A long-standing member and passionate supporter of ACS, Philipson was an early editor of Information Age. In recent years Philipson was a fierce critic of the organisation’s senior management and its decision making.
“ACS has lost a passionate supporter with the passing of Graeme Philipson,” said ACS President Ian Oppermann. “Graeme was a fierce but honest critic who helped ACS see itself more clearly.
“His broad experience as a consultant, analyst, technology journalist and entrepreneur over forty years meant Graeme had a unique and deep perspective of Australia’s technology sector.
“I would like to extend commiserations to Graeme’s family on behalf of all of ACS’ members and staff. His contribution was greatly valued by everyone, and he will be greatly missed.”
Philipson went into computer sales after graduating from the University of New England in 1975. His break into IT journalism came in 1983 after selling some Apple II computers to publisher Gareth Powell, later to become The Age and Sydney Morning Herald’s controversial technology editor.
Philipson began his 30-year association with ACS as editor of the then ACS Magazine, which became Information Age. His relationship with the society was rekindled in the mid-1990s when Strategic Publishing Group, which he co-founded with Alistair Gordon and Ken Davidson, held Information Age’s publishing rights.
Strategic Publishing Group’s main title was MIS Magazine which pioneered the expansion of Australian media companies into market research. Strategic Publishing was sold in 1999 by the trio to John Fairfax with MIS being later folded into the Australian Financial Review’s IT section.

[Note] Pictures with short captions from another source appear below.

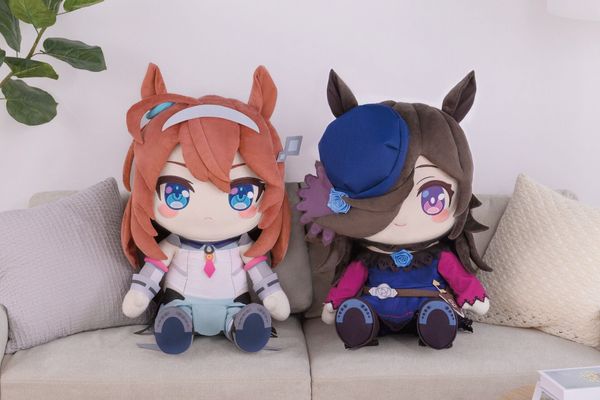 Nhồi Bông DOQUTE Petit Mihono Bourbon Big Plushie - Uma Musume Pretty Derby | Taito Plushie
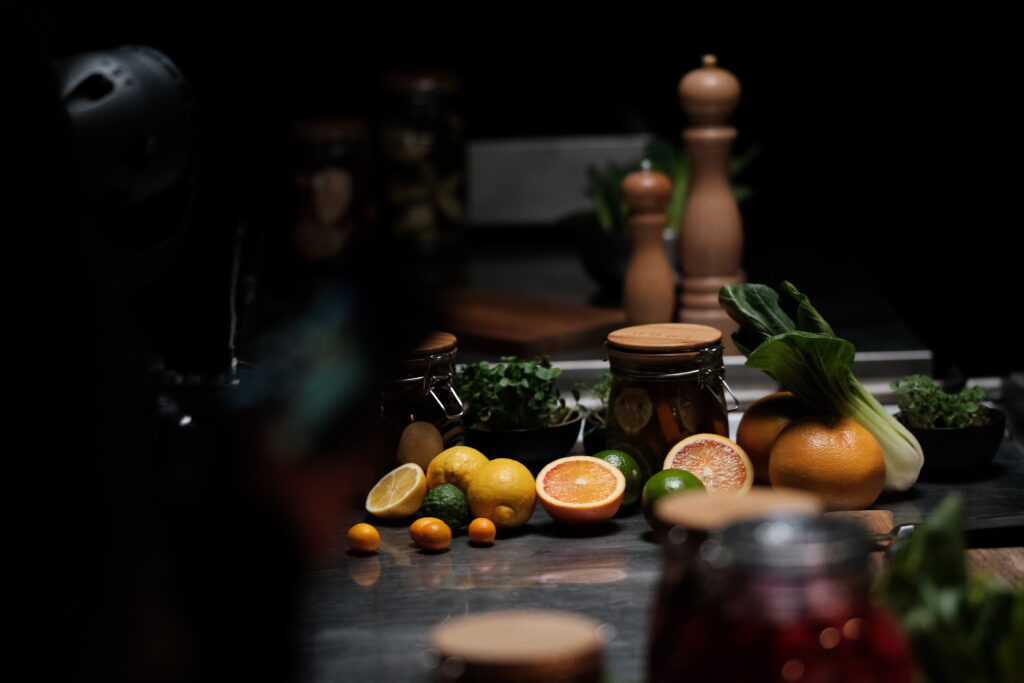 "The chef's kiss - A cooking tale" "The chef's kiss - A cooking tale"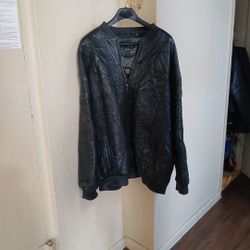 Pelle Pelle Leather Jacket Size 62 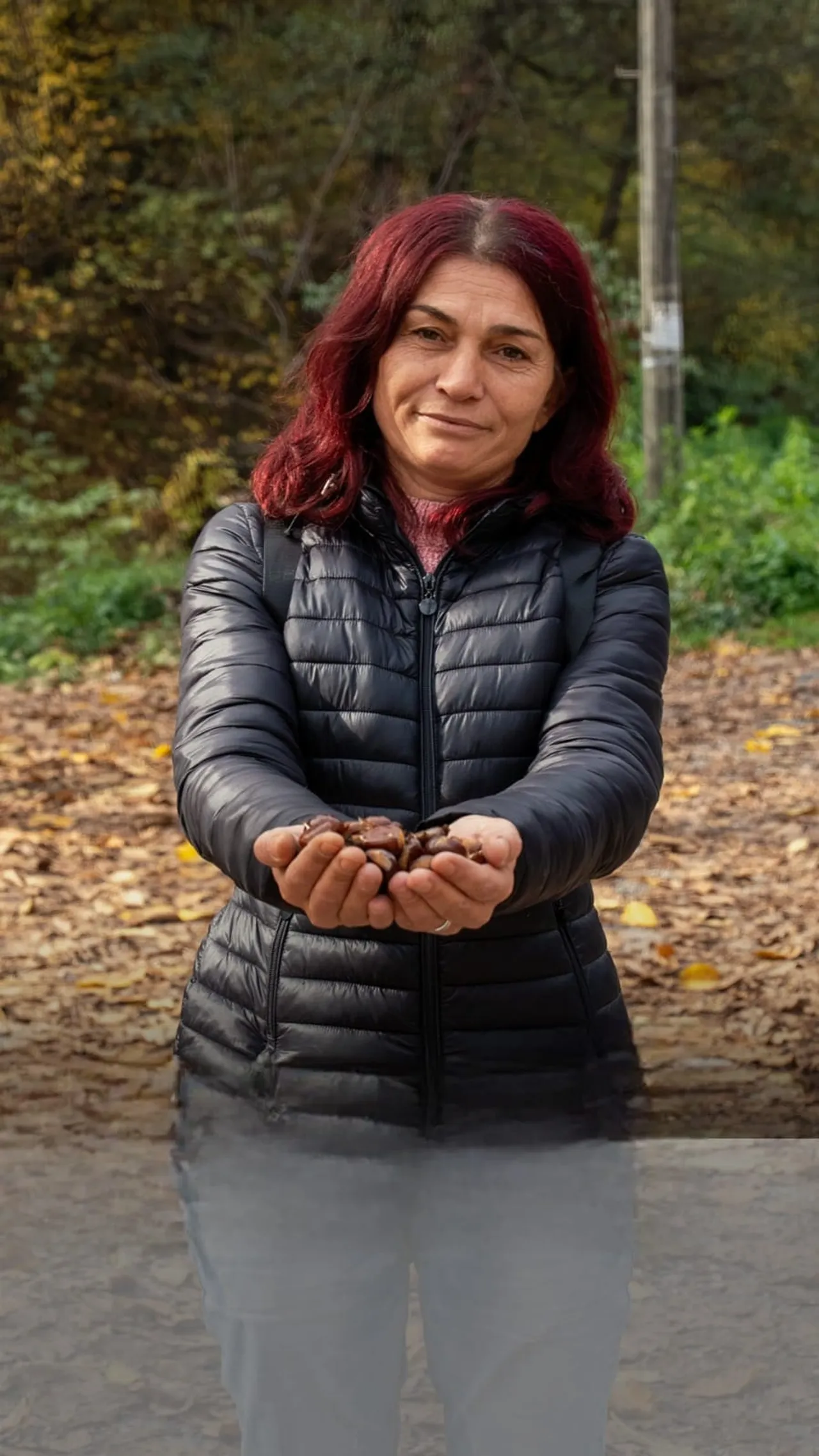 Aroma e gështenjave dhe ngjyrat e vjeshtës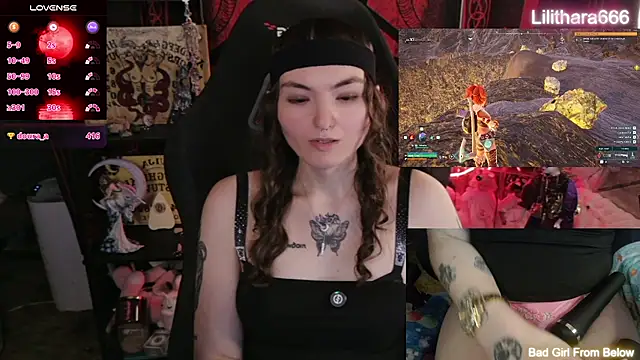 Czat XXX na żywo – Lilithara666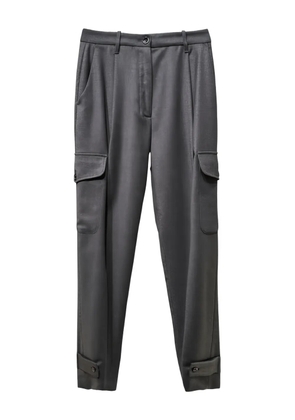 Nine In The Morning wool cargo trousers - Grey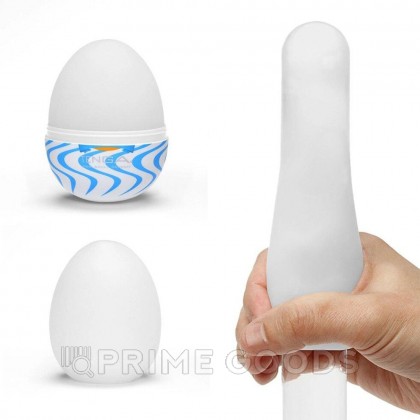 TENGA  Стимулятор яйцо WONDER WIND от sex shop primegoods фото 7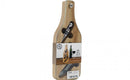 27.5cm Bottle Shaped Wine Set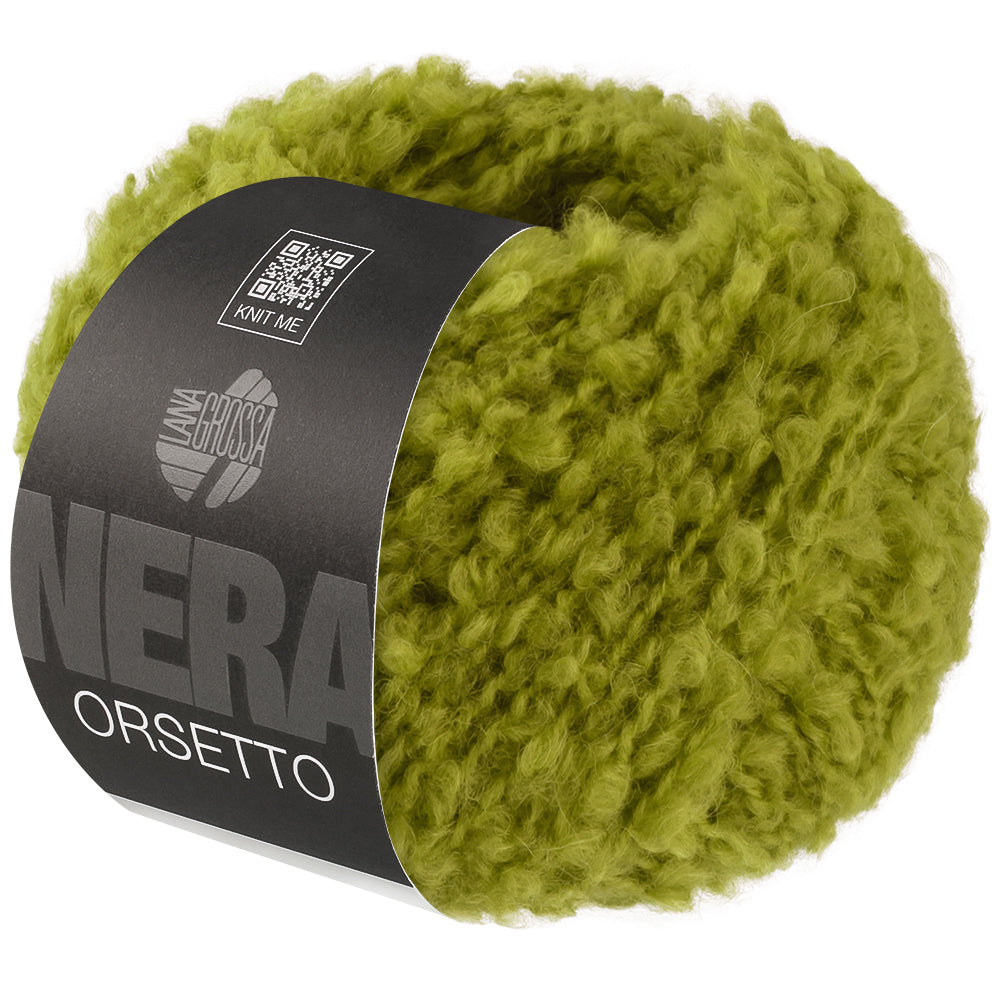 Lana Grossa - Nera Orsetto 50 gram diverse kleuren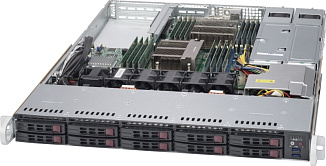 Серверное шасси Supermicro SYS-1028R SYS-1028R-WTNRT Серверное шасси Supermicro SYS-1028R SYS-1028R-WTNRT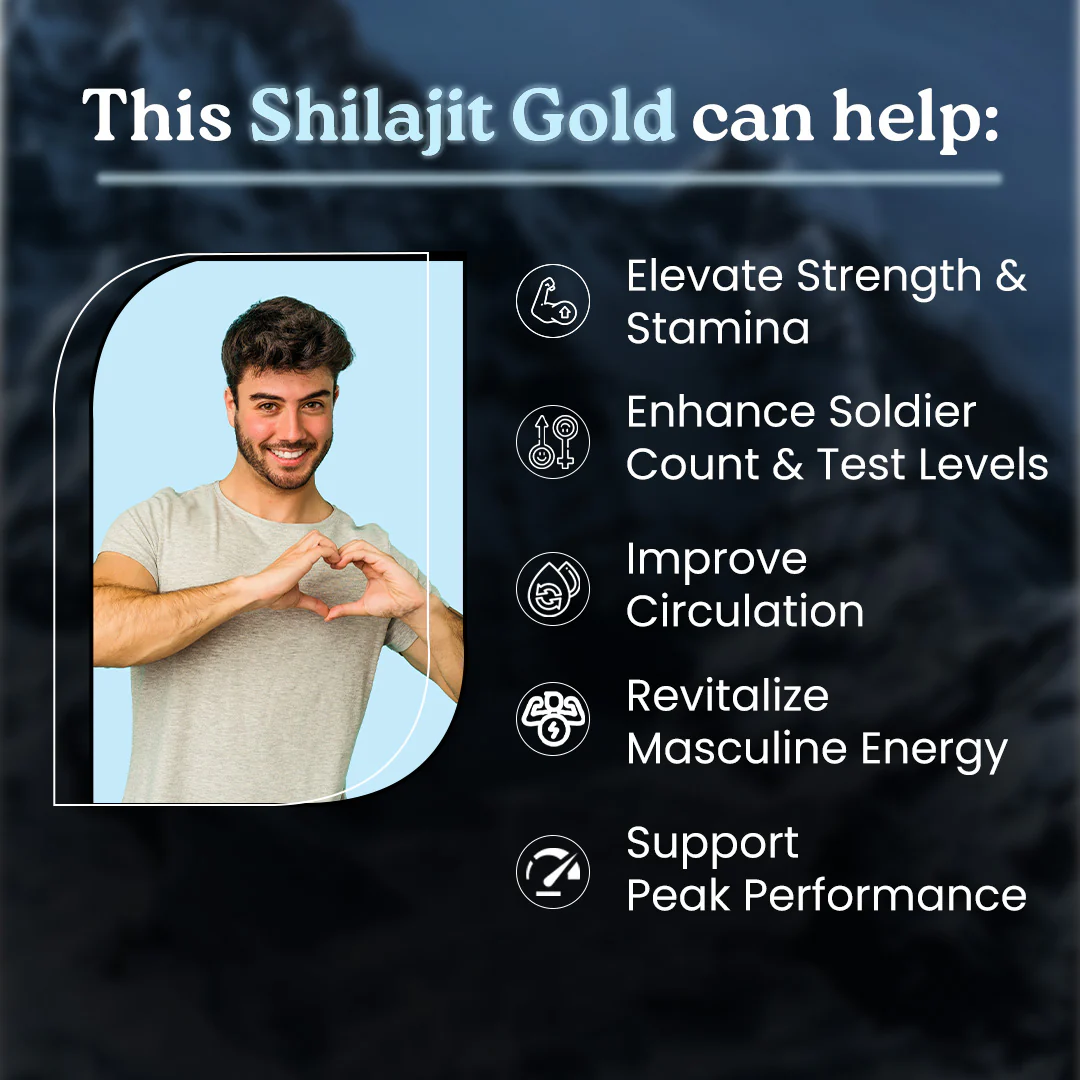 Mars Pure Himalayan Shilajit Gold Resin - For Better Stamina, T-Levels, & Bedroom Performance 3 Mars Pure Himalayan Shilajit Gold Resin - For Better Stamina, T-Levels, & Bedroom Performance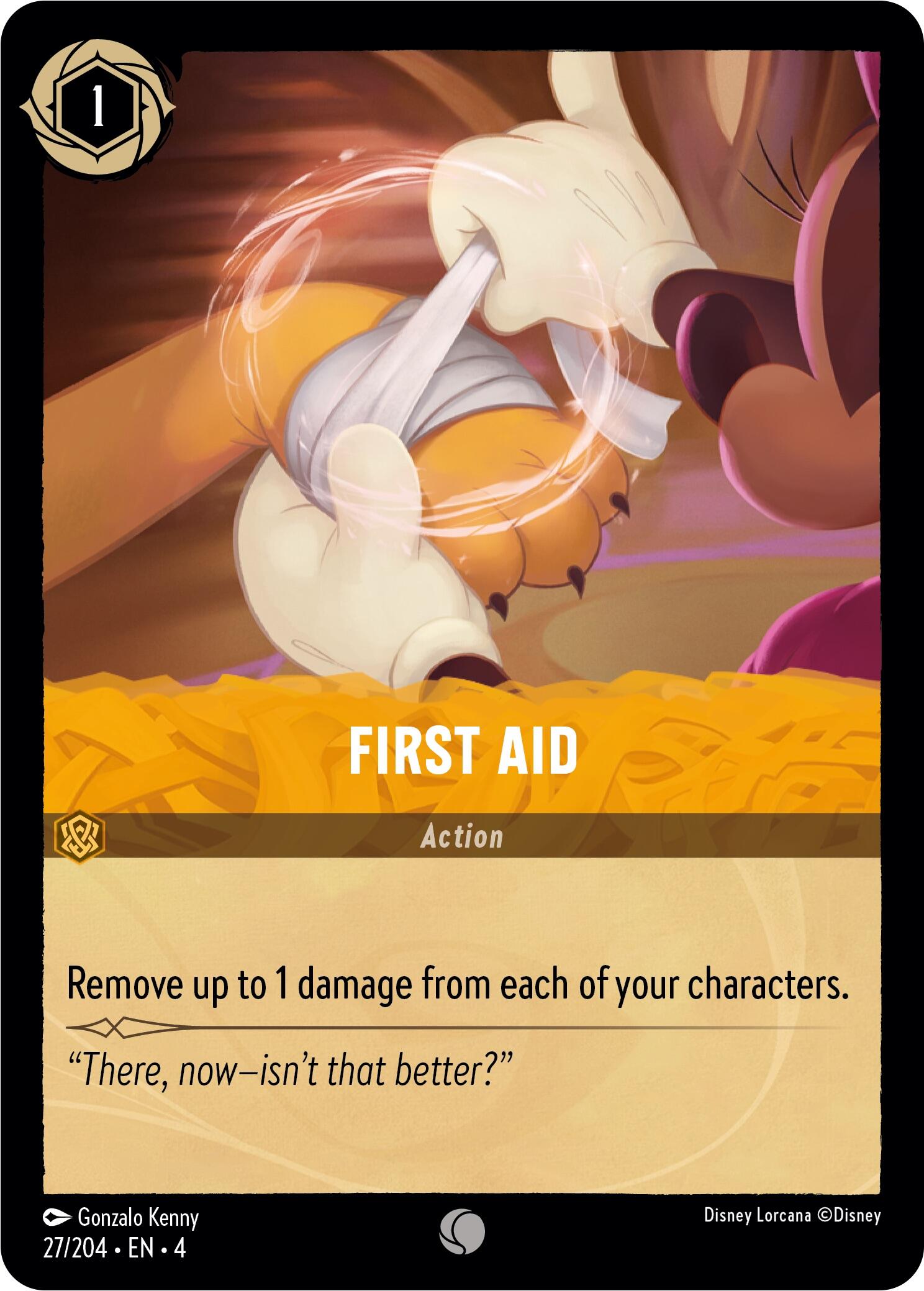 First Aid (27/204) [Ursula's Return] | Empire Gaming NC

Along with MIS magazine and Information Age, Philipson was a former editor of Computerworld Australia, and worked as a columnist for The Australian and Fairfax’s SMH and The Age. He also served as a research director with Gartner for two years following the SPG sale.
In 2010 Philipson was commissioned by ACS to research and write a 64-page analysis of the carbon footprint of the entire Australian IT industry and in 2016 to write the comprehensive history of the Australian computer industry to coincide with ACS’ 50th anniversary.
In recent years he became involved in a number of technology media ventures including Innovation Aus and ITWire. He also combined his IT journalism with his passion for poetry, describing himself as being “profoundly influenced by the great Australian bush poets, and in particular Banjo Patterson, Henry Lawson and C.J. Dennis”, along with a travel website that allowed him to indulge his enthusiasm for long European holidays.
Last year, he also re-took the reins of the Australian Computer Museum Society, having been its founding President in 1994.
Graeme Philipson is survived by his long-term partner, Sharon, his son Max and newly born grand-daughter, Oona.